Nobody expected the levees to break.
Nobody expected our troops to meet with insurgency.
Nobody expected bin Laden to actually do it.
This refrain is like that new Nickelback song that makes you want to stab your eardrums with knitting needles.
Anybody who’s ever asked a slumber party of ten year old boys who put the remote control in the microwave knows nobody expected it won’t cut the mustard with the cable company’s customer service department. You’re going to pay for that. The United States of America will pay for the rest of our and our veterans’ lives for the Bush administration’s inexpicable inability to foresee probable events and reasonable outcomes but that’s not the worst of it. What could be worse?

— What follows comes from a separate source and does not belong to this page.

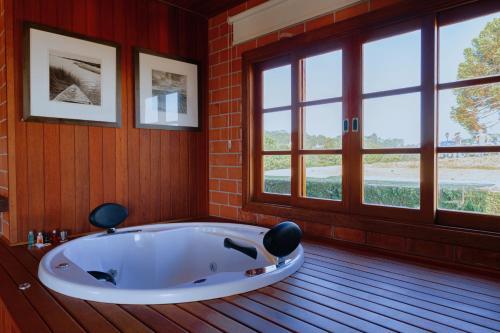 bañera grande en una habitación con ventanas en Pousada Chalés Por do Sol en Campos do Jordão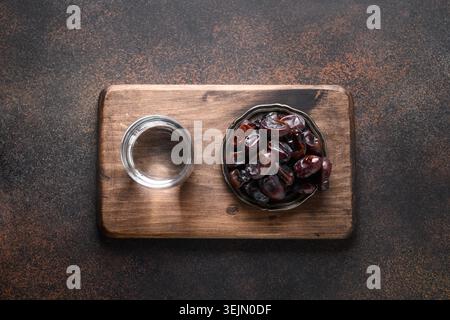 Ramadan. Datteri nella ciotola e acqua su marrone. EID Mubarak. Tradizione religiosa. Foto Stock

Let’s imagine January 2009.
You: Hooray! We’re free of the loathsome and larcenous Bush team! I feel better than I have in YEARS! The sun’s come out and my Congressperson’s holding hands with Bruce Springsteen and Larry David’s wife! My life has meaning again! Let’s get Thai food and sing along with the Munchkins, Ding dong, the witch is dead!”
Not so fast, my darling. No matter how the 2008 election turns out, we must be realistic about what we face. The Treasury’s empty. Our armed forces are depleted. Our natural resources are being plundered at an unprecedented rate. Peak oil is behind us and competition for what remains may mean the difference between life and death for whole nations. The housing market crashed, banks foreclosed when the noteholders on the US economy – the Chinese – collected their chips. Millions of formerly middle class Americans were thrown into the streets. The Depression now looks like a picnic when even soup kitchens close. This is a completely possible future.
Someone not named George W. Bush takes office. The bill’s on the table, and nobody reaches for a wallet because wallets are all empty. The President of the United States says, “We partied, we spent, we lived high on someone else’s hog. Now we’re broke, and we’re going to be broke until we’re paid up. Our civilization’s in ashes. We have What’s His Face and his corrupt cronies to thank for it but blame doesn’t help us now. Stick with me. We can work it out together.” That worked in 1930. In 2009, it will never fly. Our stupid premise is we’re rich and always will be, no matter how much money we don’t have. All we can do is offer that messenger a blindfold before the firing squad.
If you can see a problem coming you have a chance of avoiding it. This one’s parked in your lane, and baby, I hope there’s time to stomp that brake pedal.